What needs to be done:
In this exercise, write out the data word for word and leave every image out.

Exercise inputs:
───

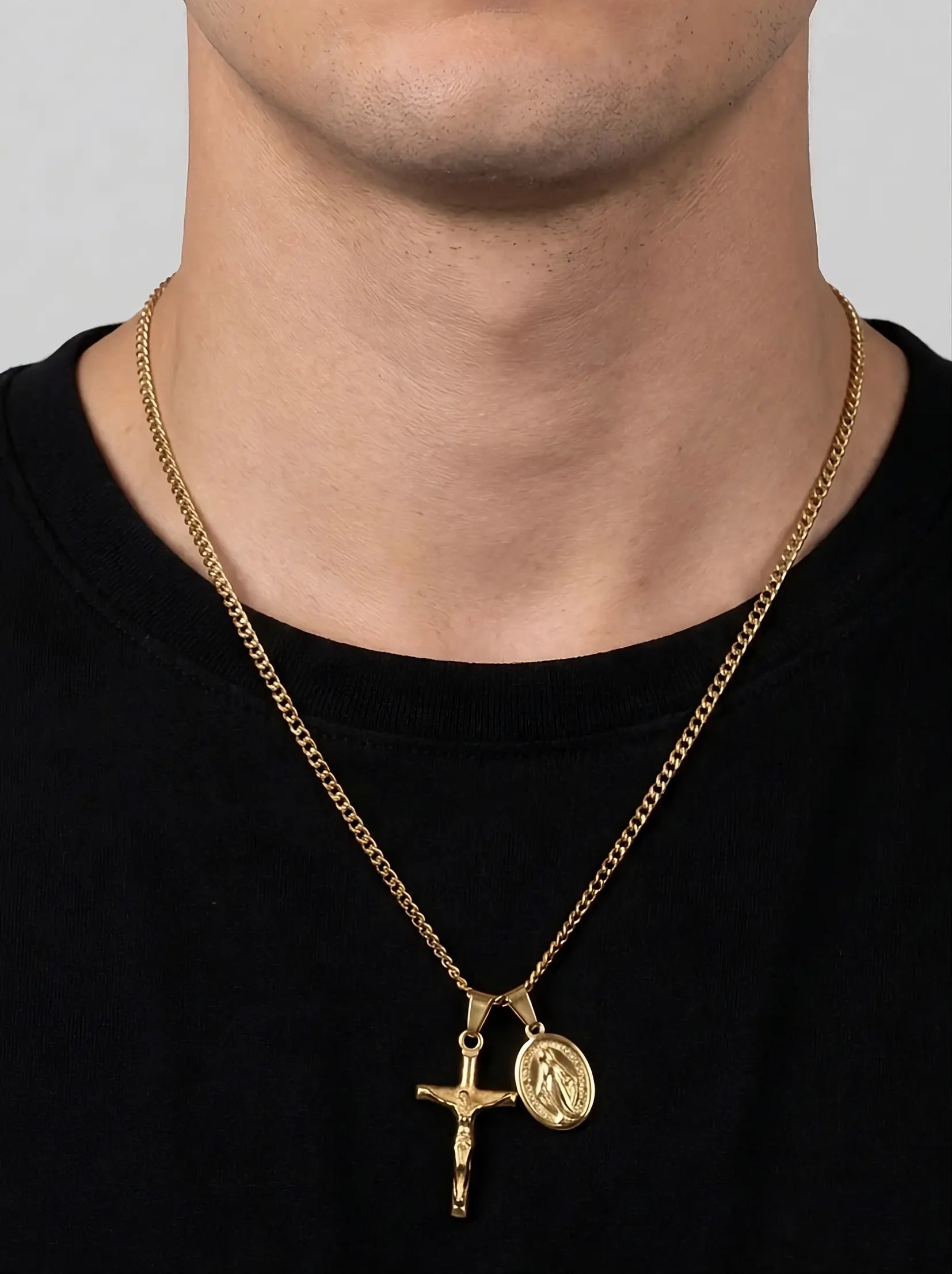 Jesus & Mary Cross Necklace - Gold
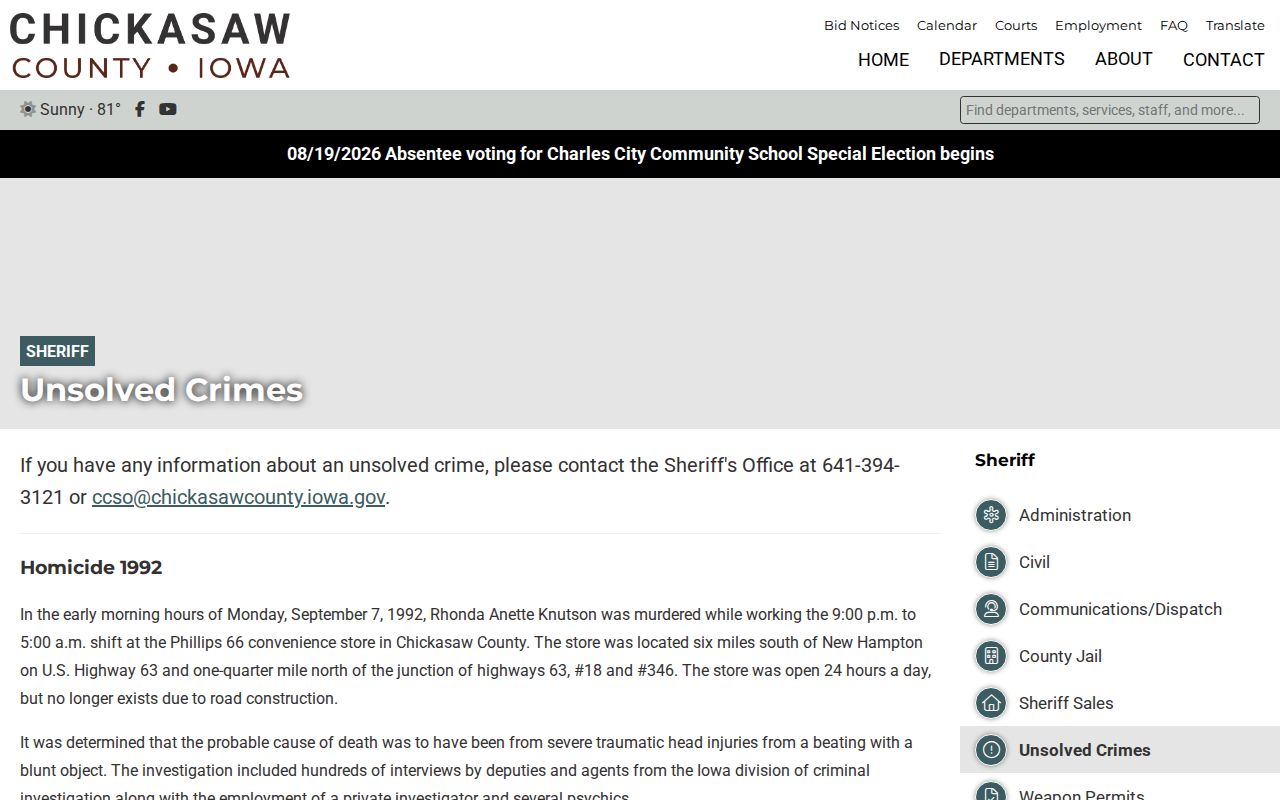Chickasaw County official unsolved-case tip record page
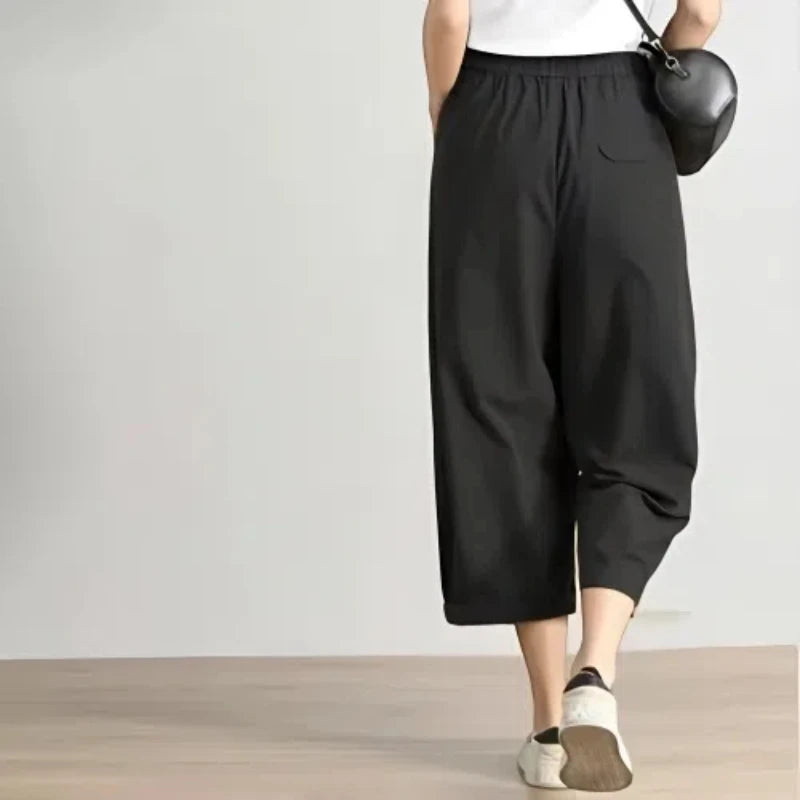 Pantalon cargo taille haute élastique pour femmes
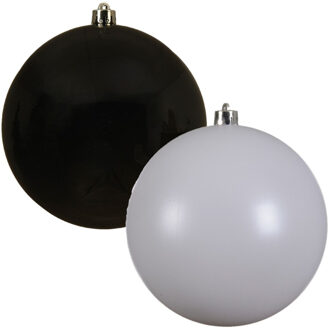 Decoris Kerstversieringen set van 6x grote kunststof kerstballen zwart en wit 14 cm glans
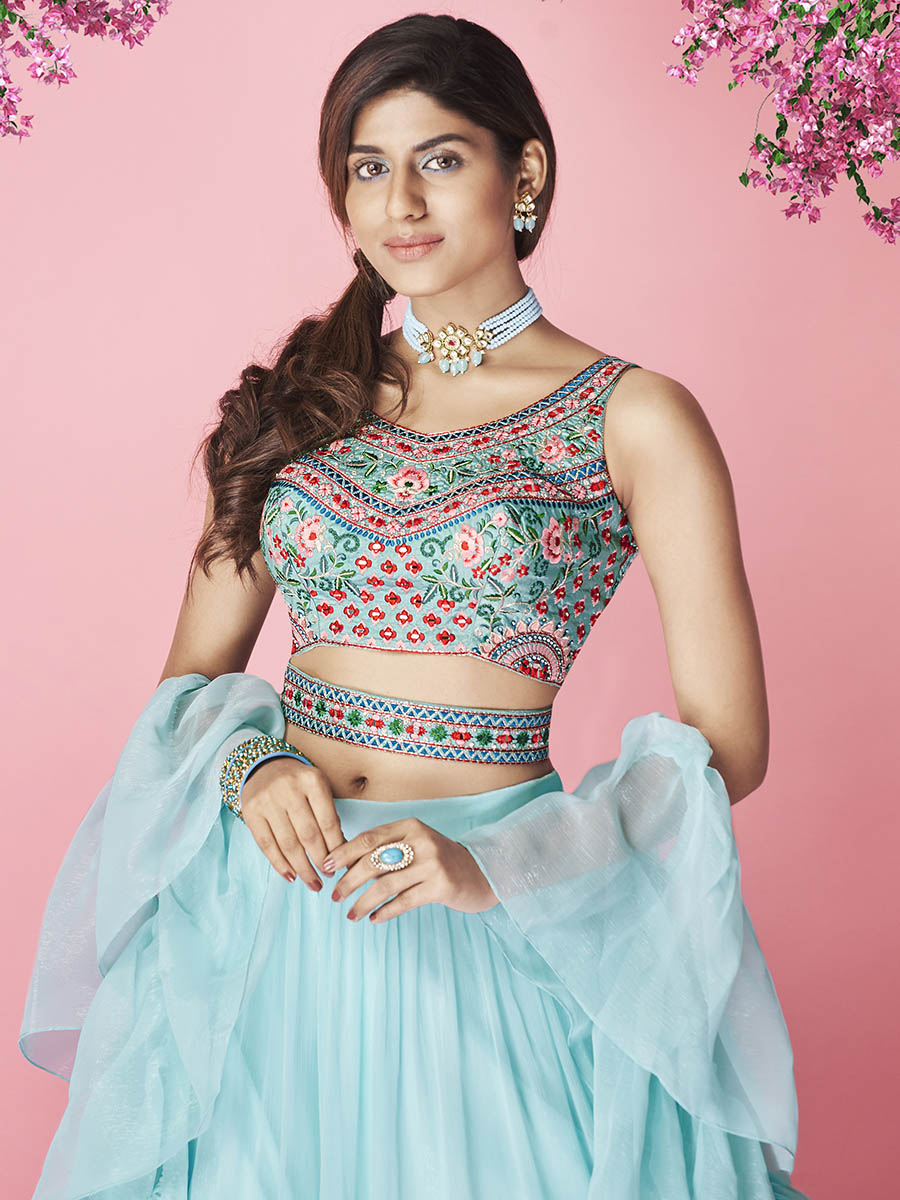 Myra Sky Blue Art Silk Designer Lehenga
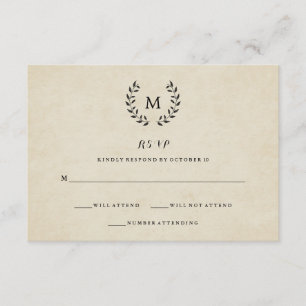 Franse Stijl Krans en Monogram RSVP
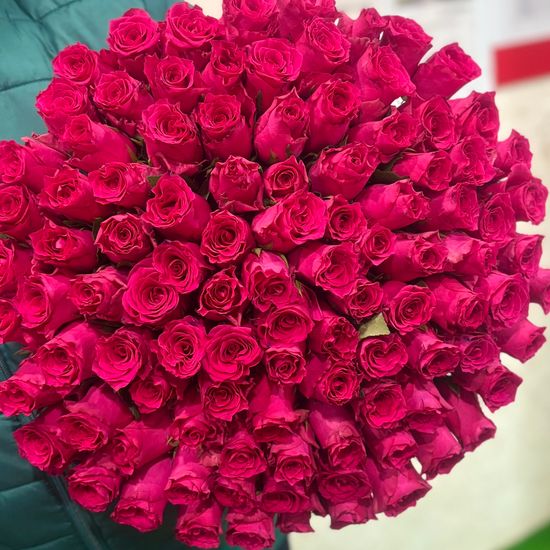 101 малиновая роза 50 см с лентой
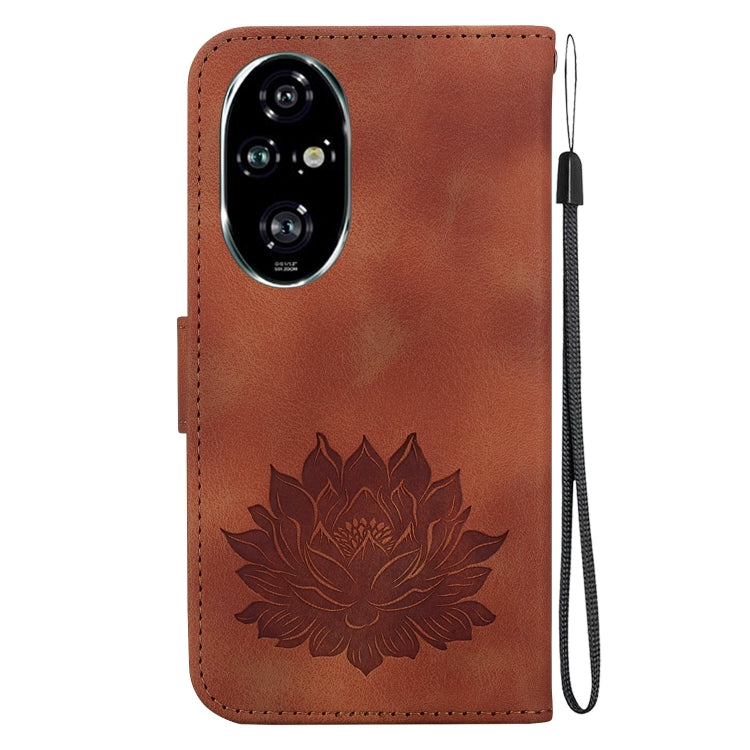 For Honor 200 Pro Lotus Embossed Leather Phone Case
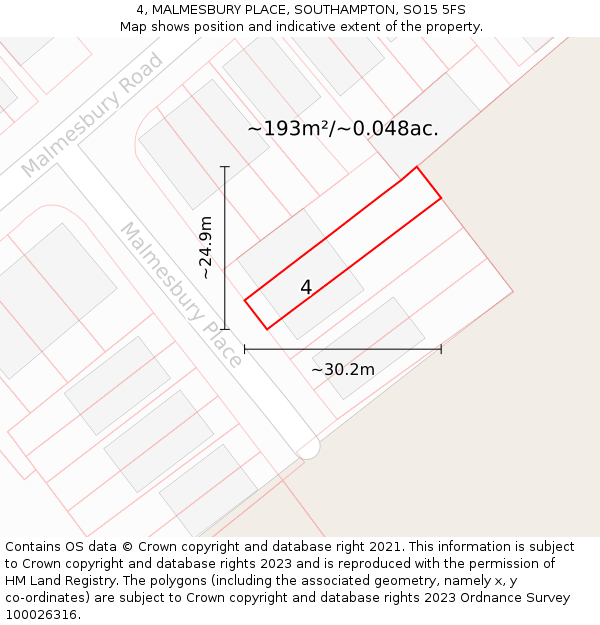 4, MALMESBURY PLACE, SOUTHAMPTON, SO15 5FS: Plot and title map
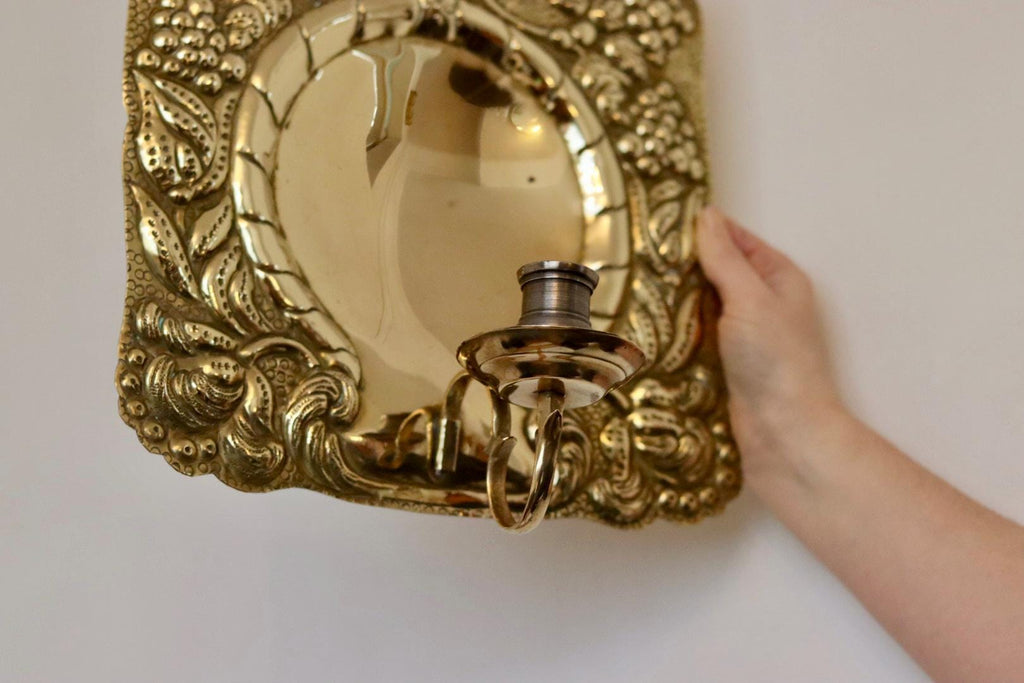 Pair of Antique Swedish Brass Sconce Circa 1800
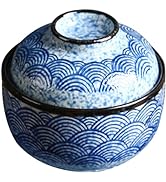 Luxshiny Ceramic Stew Pot with Lid, Ramen Bowl Japanese Soup Bowls Soup Miso Bowls Steaming Cup S...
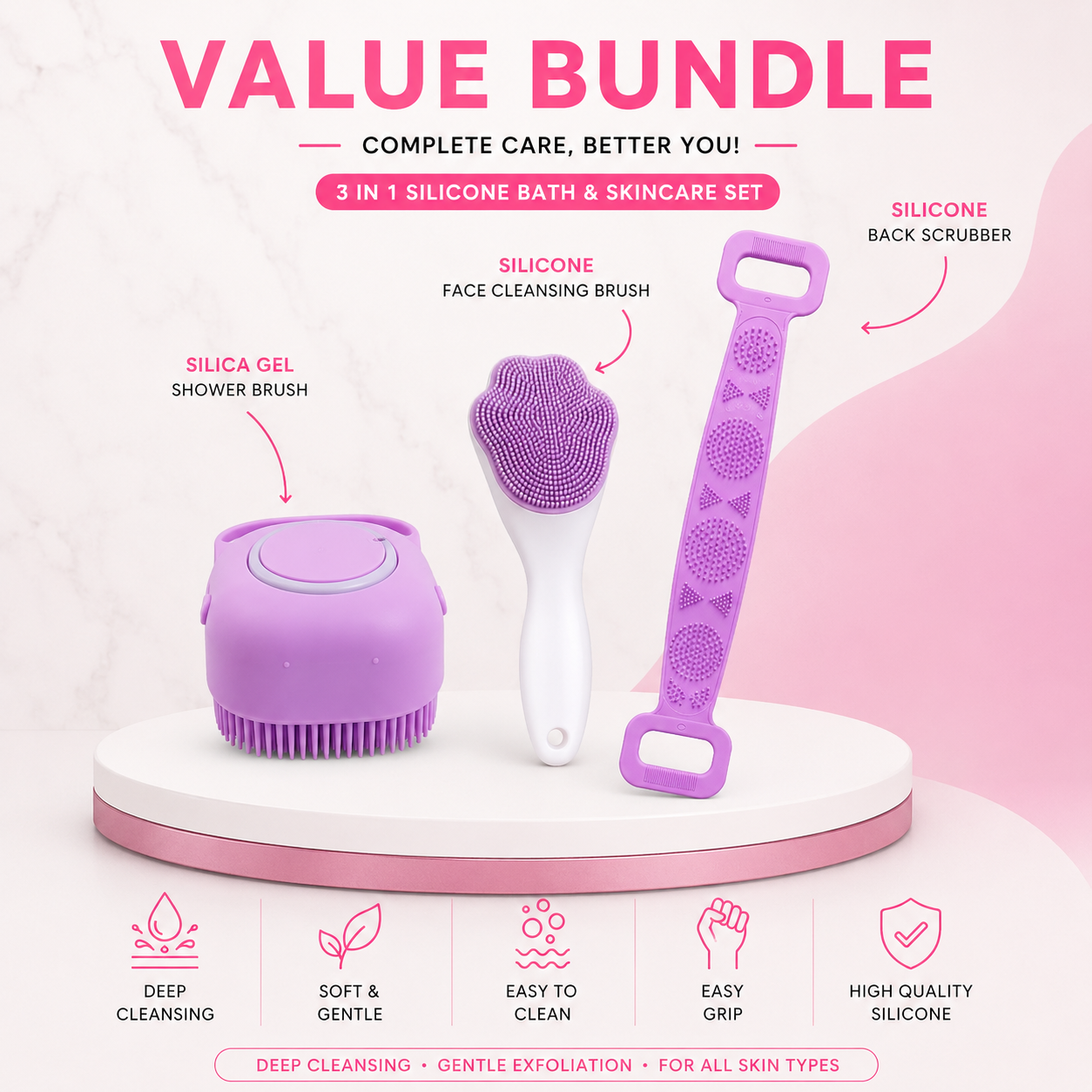 3 in 1 Silicone Bath & Skincare Value Bundle - Fanub.shop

───

Solution for this exercise:
 Jesus & Mary Cross Necklace - Gold
Chickasaw County official unsolved-case tip record page
 Pantalon cargo taille haute élastique pour femmes
 Decoris Kerstversieringen set van 6x grote kunststof kerstballen zwart en wit 14 cm glans
 Myra Sky Blue Art Silk Designer Lehenga
 Franse Stijl Krans en Monogram RSVP
 101 малиновая роза 50 см с лентой
 For Honor 200 Pro Lotus Embossed Leather Phone Case
 4, MALMESBURY PLACE, SOUTHAMPTON, SO15 5FS: Plot and title map
 Pair of Antique Swedish Brass Sconce Circa 1800
 Luxshiny Ceramic Stew Pot with Lid, Ramen Bowl Japanese Soup Bowls Soup Miso Bowls Steaming Cup S...
 3 in 1 Silicone Bath & Skincare Value Bundle - Fanub.shop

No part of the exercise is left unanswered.